+++ Entries supplied
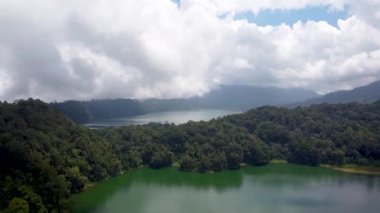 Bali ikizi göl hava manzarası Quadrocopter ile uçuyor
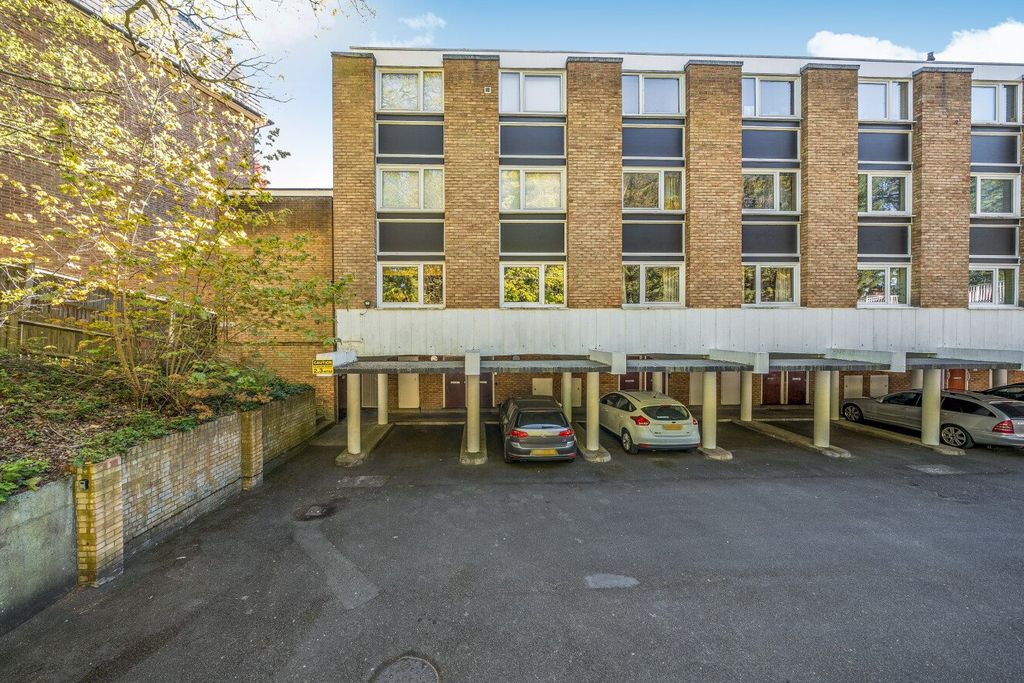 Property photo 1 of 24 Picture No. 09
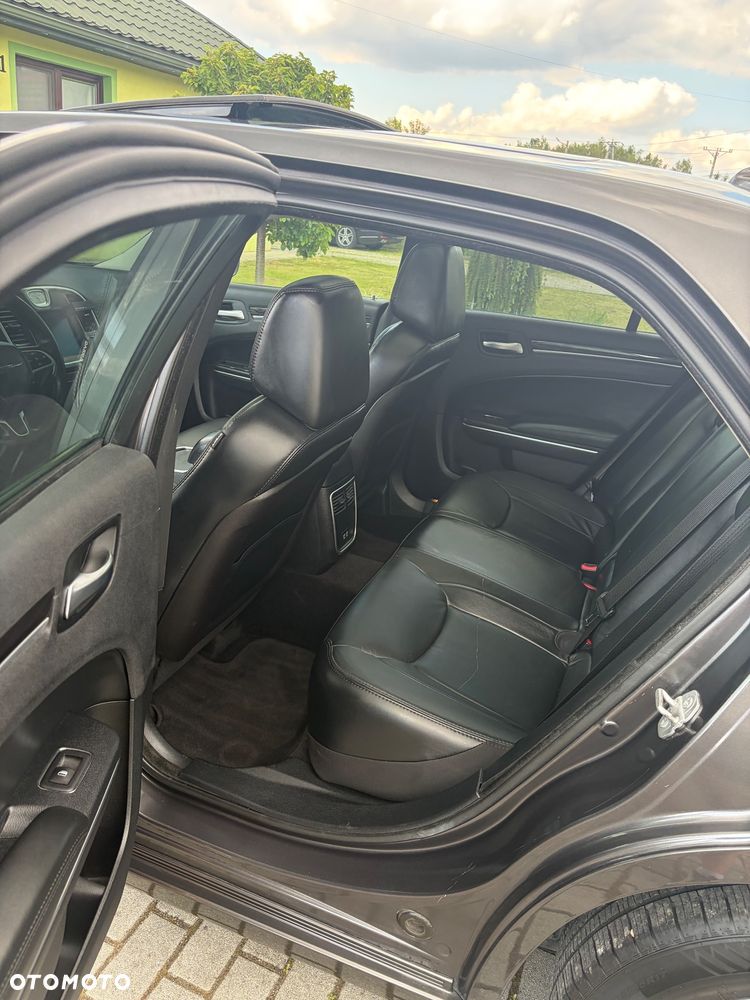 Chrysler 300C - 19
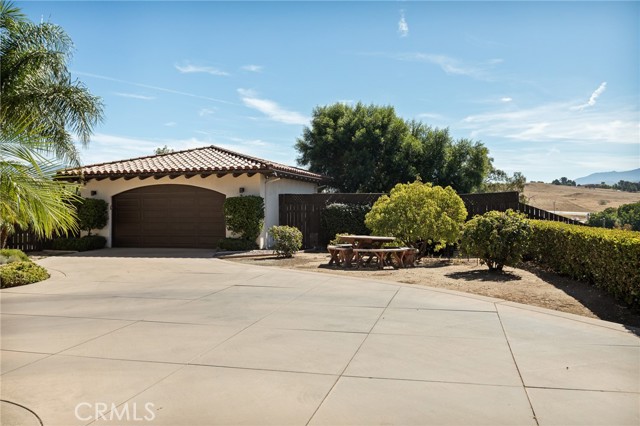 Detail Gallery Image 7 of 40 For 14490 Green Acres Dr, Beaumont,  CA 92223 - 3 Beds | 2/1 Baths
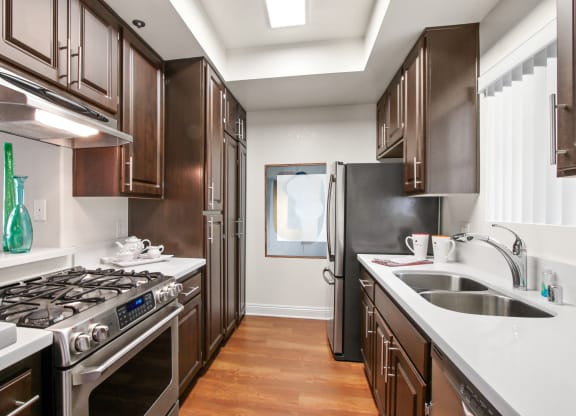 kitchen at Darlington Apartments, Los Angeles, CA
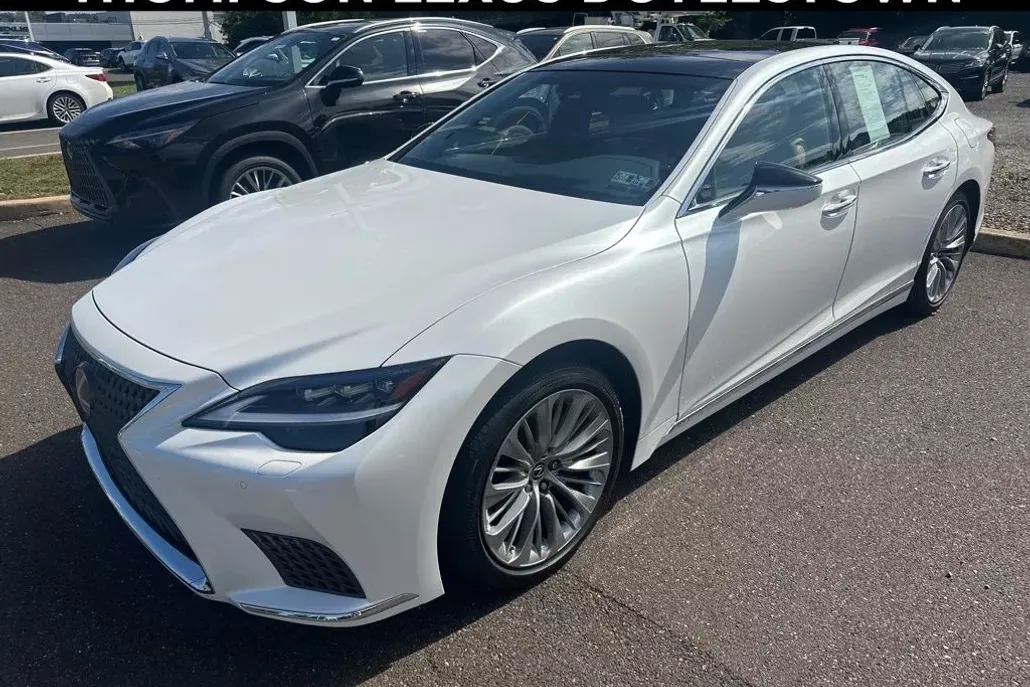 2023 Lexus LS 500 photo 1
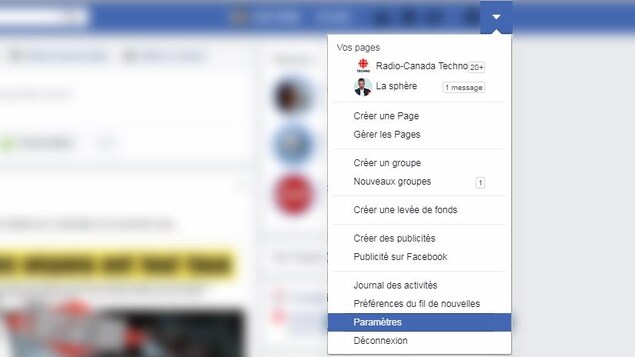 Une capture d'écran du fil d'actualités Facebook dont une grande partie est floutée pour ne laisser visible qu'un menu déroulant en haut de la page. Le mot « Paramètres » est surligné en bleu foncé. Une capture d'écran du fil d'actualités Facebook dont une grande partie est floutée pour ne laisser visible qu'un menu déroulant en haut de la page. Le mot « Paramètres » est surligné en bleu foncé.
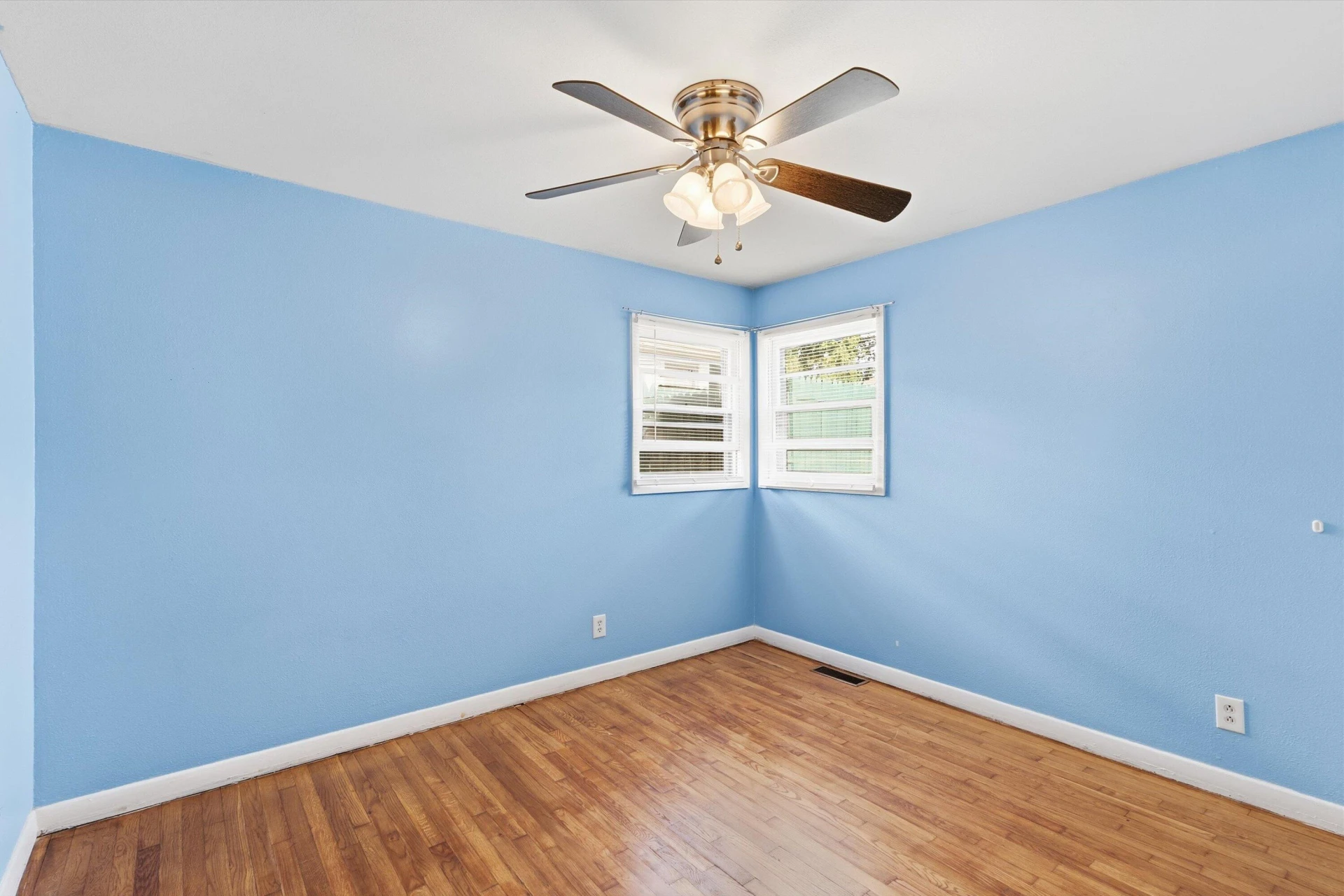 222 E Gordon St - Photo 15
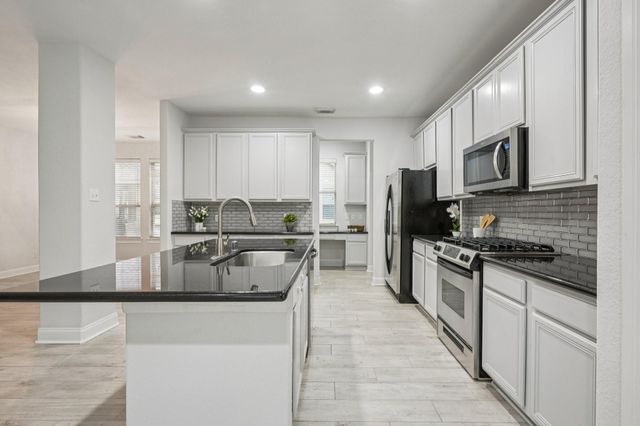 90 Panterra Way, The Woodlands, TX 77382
++++++
__What you will do__: All of the records above are to be copied exactly, minus the pictures.

__Task answer__:
 Bali ikizi göl hava manzarası Quadrocopter ile uçuyor
 Property photo 1 of 24 Picture No. 09
 Chrysler 300C - 19
 Detail Gallery Image 7 of 40 For 14490 Green Acres Dr, Beaumont,  CA 92223 - 3 Beds | 2/1 Baths
 kitchen at Darlington Apartments, Los Angeles, CA
 2023 Lexus LS 500 photo 1
 Une capture d'écran du fil d'actualités Facebook dont une grande partie est floutée pour ne laisser visible qu'un menu déroulant en haut de la page. Le mot « Paramètres » est surligné en bleu foncé. Une capture d'écran du fil d'actualités Facebook dont une grande partie est floutée pour ne laisser visible qu'un menu déroulant en haut de la page. Le mot « Paramètres » est surligné en bleu foncé.
 222 E Gordon St - Photo 15
 90 Panterra Way, The Woodlands, TX 77382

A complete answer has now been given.